I tried to calm myself, who wants to be flustered when they meet their soul mate? I tried to focus on reading, but my mind was racing at pace matched only by my heart.

10 minutes.

What would he look like? My anxiety kept building. It would be thought that not having to worry about finding a mate would be calming, relaxing even. But it's scarier. You don't know who they'll be or if you'll hit it off. What if you and your mate don't get along? Do you get a redo?

7 minutes.

I sipped the last of my hot chocolate and pushed the cup away slowly as I looked around the small building. Was he here already? Calm, breathe. There's nothing to be worried about, right?

4 minutes

I fidgeted in my seat. I can't stand this anymore. I have to leave this cafe, claustrophobia's setting in. I stand up and walk out.

2 minutes

I slowly walked down the street, headed back to my apartment in Seattle. I was three blocks away when I felt a hand on my shoulder.

"Excuse me?" I turned to look into deep brown eyes set above freckle-dotted cheeks. "Ma'am, you left this in the cafe." He said, holding my book. I glanced at my clock.

0:00:0:00:00

"What's your clock read?" I whispered.

He pulled up his sleeve, 6 days.

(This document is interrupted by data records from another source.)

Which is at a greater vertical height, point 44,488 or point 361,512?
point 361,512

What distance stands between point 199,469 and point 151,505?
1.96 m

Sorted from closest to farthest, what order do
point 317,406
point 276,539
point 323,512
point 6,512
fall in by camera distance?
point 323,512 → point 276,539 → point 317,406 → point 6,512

But, shouldn't he be my soul mate? I met him when my clock stopped.

"It's so close, I'm super nervous." he said. I slowly lifted my wrist, to show him my clock. His eyebrows knit together. "Did that just stop?" he questioned, as confused as I was. I slowly nodded my head. "I'm sure it's fine. I hate to do this, but I have to get going. Best of luck!" he said with great sincerity before turning and walking away.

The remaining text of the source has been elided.